Lo Huey P. Newton Gun Club è un gruppo afroamericano favorevole alle armi con sede in Texasm che prende il nome da uno dei fondatori del Black Panther Party. "Nel 2020 siamo cresciuti molto come organizzazione" ha detto a Euronews il fondatore, Yafeuh Balogun "perché i poveri in generale sentono di aver bisogno di protezione". Secondo il loro sito web, il gruppo organizza corsi di tiro e conferenze.

Timothy D Easley/The Associated Press
La milizia afroamericana NFAC sfila per le strade di Louisville, Kentucky, il 15 luglio 2020Timothy D Easley/The Associated Press

Su un piano più istituzionale, la National African American Gun Association è "una rete per tutti i proprietari di armi afroamericani, le loro organizzazioni, i club di tiro e gli appassionati di outdoor". Nel luglio 2019, Philip Smith, presidente e fondatore del gruppo, ha dichiarato a NPR Radio che i membri erano cresciuti dopo l'insediamento del presidente Trump.

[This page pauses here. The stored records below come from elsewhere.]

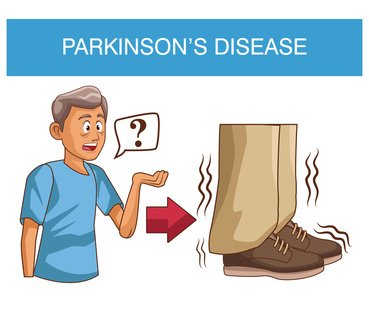 Parkinson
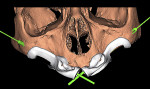 Fig 3. Preview of the surgical guide design: anterior vision (Fig 3), view from below (Fig 4).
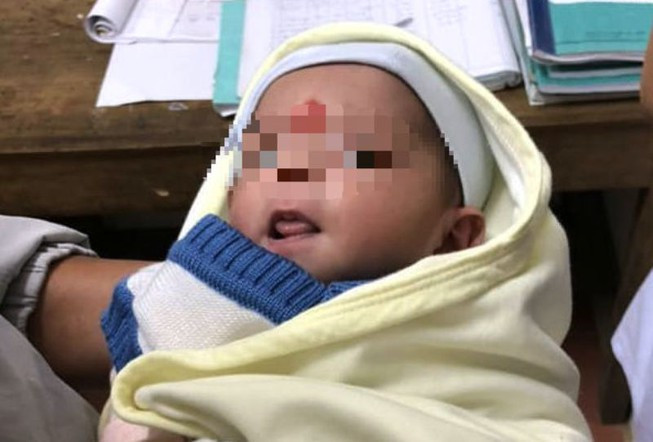 Kiến bám đầy bé sơ sinh bị bỏ rơi ở cạnh chùa: Sáng 18/7, người dân đi đường phát hiện một bé gái sơ sinh bị người thân bỏ rơi gần chùa Sơn Nguyên ở thị trấn A Lưới ((huyện A Lưới, Thừa Thiên - Huế). Lúc này, bé gái được quấn tạm trong chiếc khăn và bị kiến bám đầy người, sức khỏe yếu. Ngay sau đó, bé được người dân đưa về nhà gần đó để sơ cứu ban đầu và trình báo cơ quan chức năng. Hiện tại sức khỏe của bé đã tốt hơn.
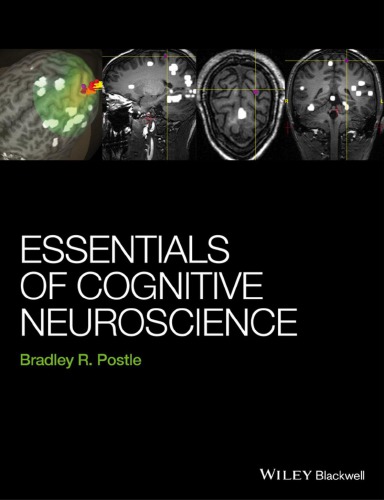 Essentials of cognitive neuroscience (PDF Instant Download)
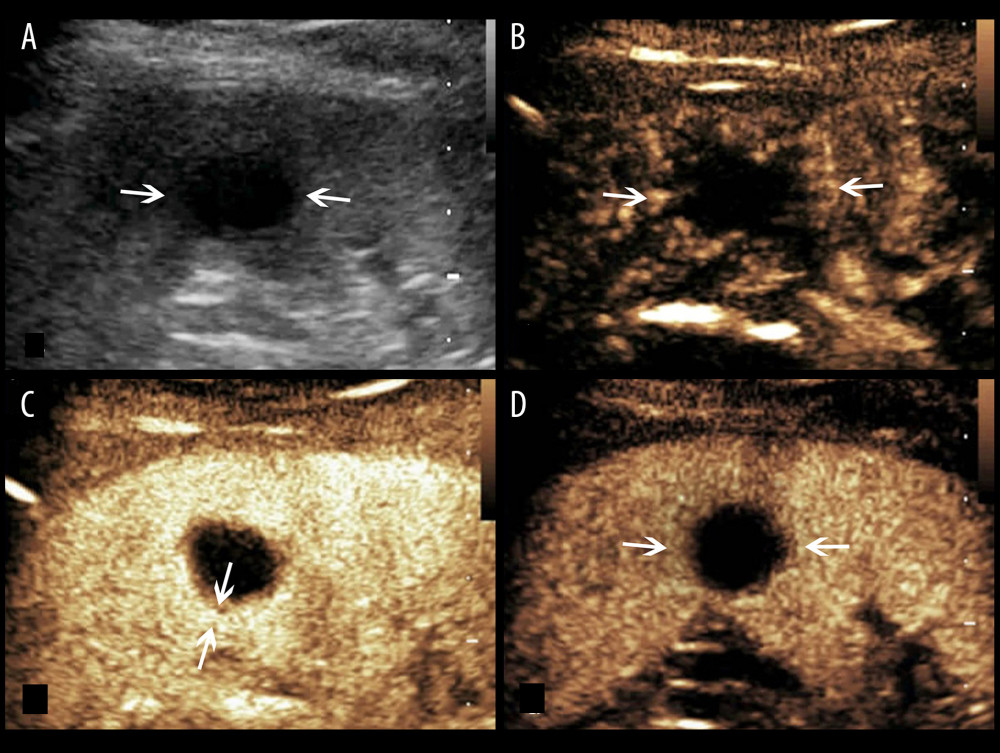 A splenic TB lesion with rim-like enhancement. (A) Conventional US demonstrates a hypoechoic lesion with relatively well-defined boundary (arrows); (B–D), CEUS demonstrates that the lesion began to enhance from the margin at 12 s after injection of the SonoVue (B, arrows) and presents rim-like enhancement at 25 s (C, arrows), followed by hypo-enhancement compared with the peripheral splenic parenchyma in the late parenchymal phase (D, arrows).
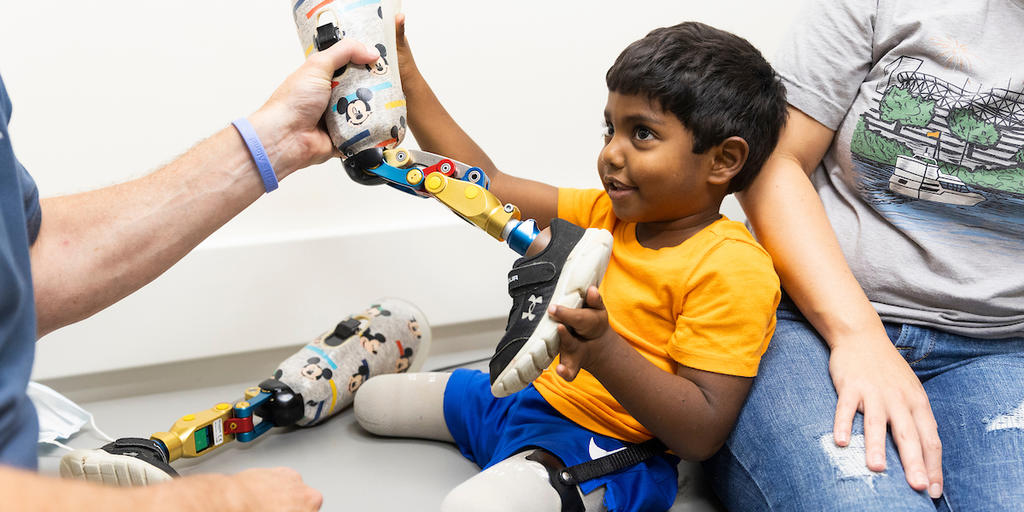 KCH, Shriners patient doesn't miss a step with new prosthetics - Vimarsana News
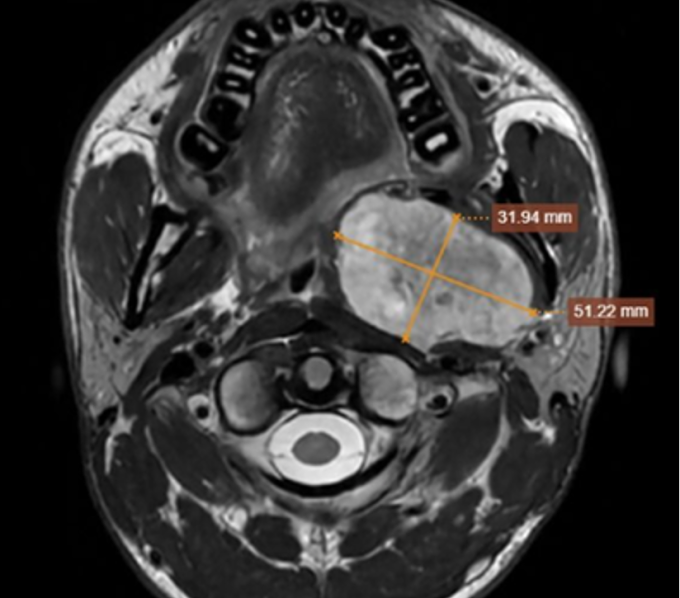 ungthu-1753757578-1753757598-1118-1753757780 Chụp MRI cho thấy khối u kích thước lớn vùng họng. Ảnh: Bệnh viện Đa khoa Tâm Anh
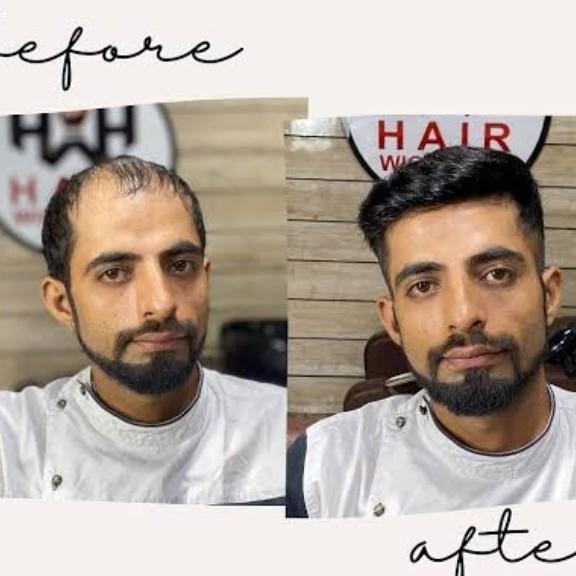 waterproof adhesive hair patch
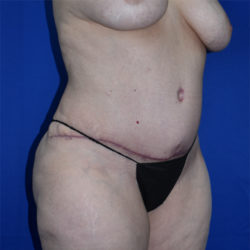 Abdominoplasty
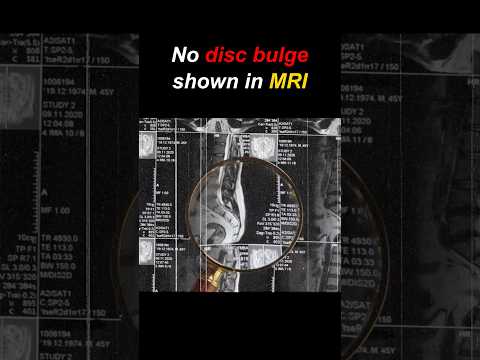MRI me chhota disc bulge, pain zyada kyun? DRG ka secret samjho!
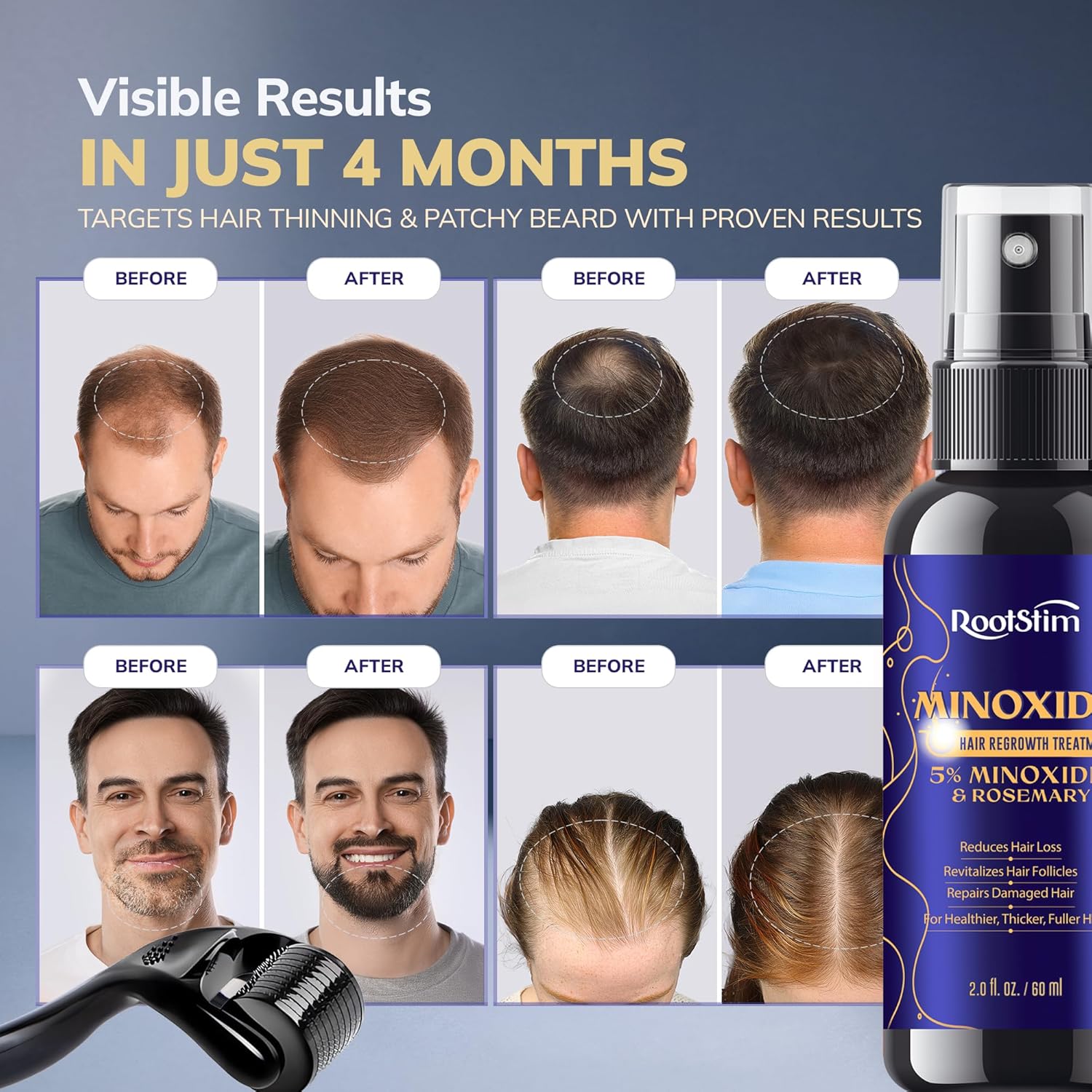 Thumbnail 1 de 5% Minoxidil Kit with 0.25mm Roller ⚙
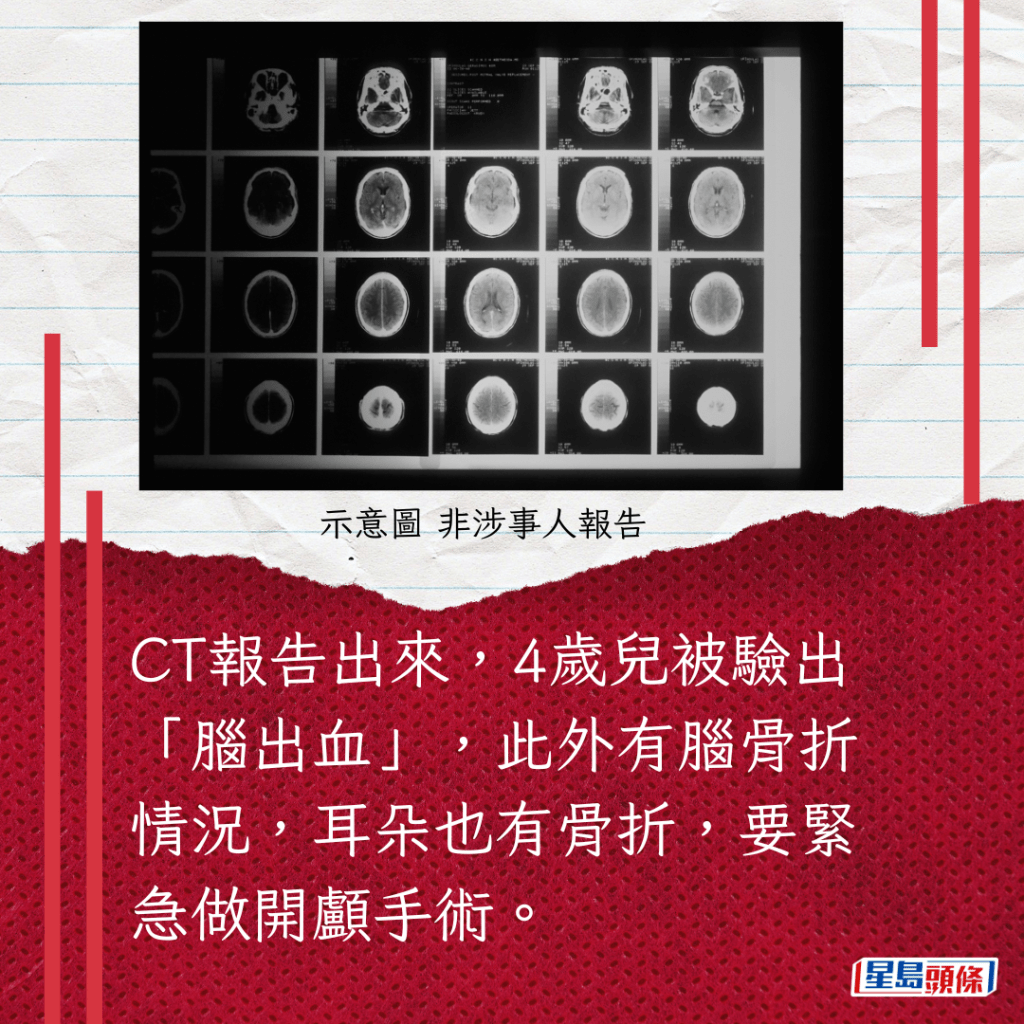 CT报告出来，4岁儿被验出「脑出血」，此外有脑骨折情况，耳朵也有骨折，要紧急做开颅手术。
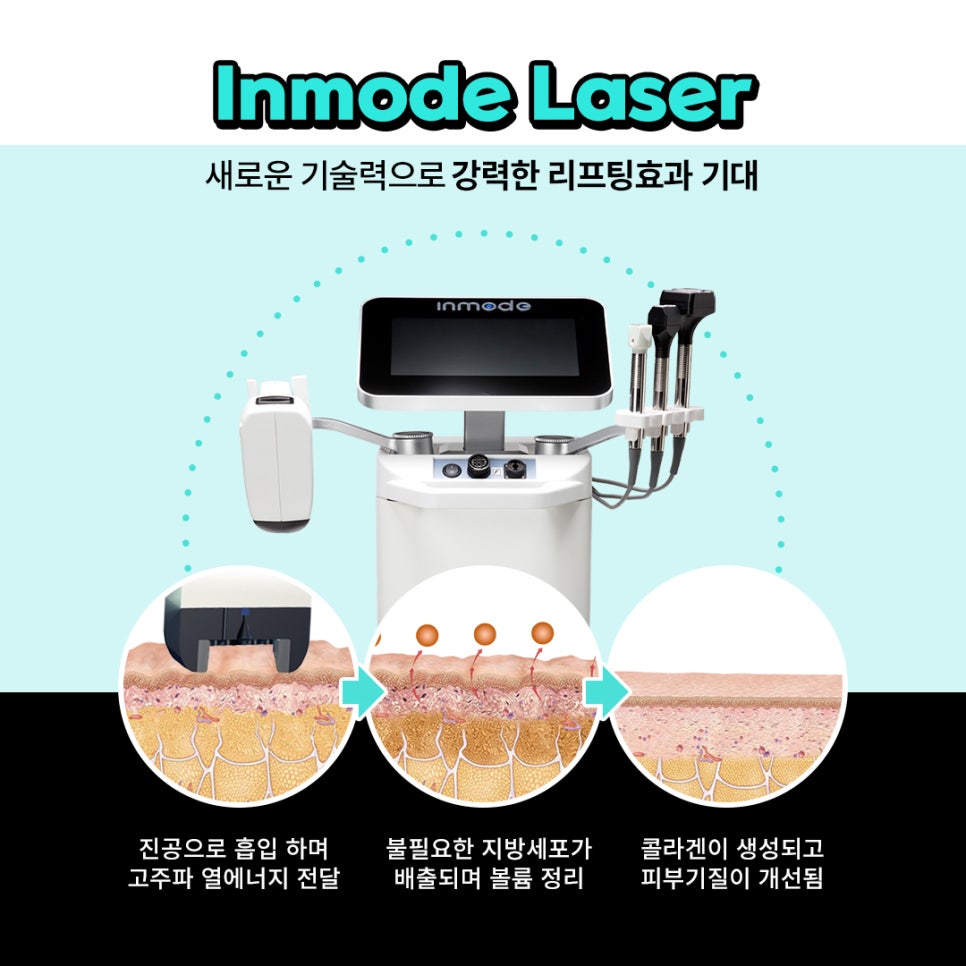 슈링크+인모드 리프팅 효과 제대로보고 이벤트 받는 법 관련 이미지 3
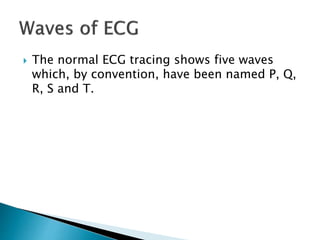  The normal ECG tracing shows five waves
which, by convention, have been named P, Q,
R, S and T.
 
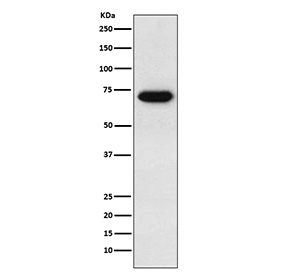 Western blot testing of human placental tissue lysate with CD39 antibody. Expected molecular weight: 34-100 kDa depending on isoform and level of glycosylation.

Secondo Smith, parte di questo aumento è dovuto a un clima politico nel quale le persone con idee razziste si sentono incoraggiate a parlare e ad agire di conseguenza.

Una simile idea è stata espressa anche dal fondatore del NAAGA in una dichiarazione dopo la morte di George Floyd: "Ahmaud Arbery] Breonna Taylor e ora George Floyd si sono aggiunti alla lista apparentemente infinita di persone che ci sono state strappate prematuramente da un sistema razzista e dal complesso di inferiorità bianca istituzionalizzato che richiede il nostro sangue e le nostre ossa per soddisfare la sua fame perpetua. Questo è il paese in cui viviamo".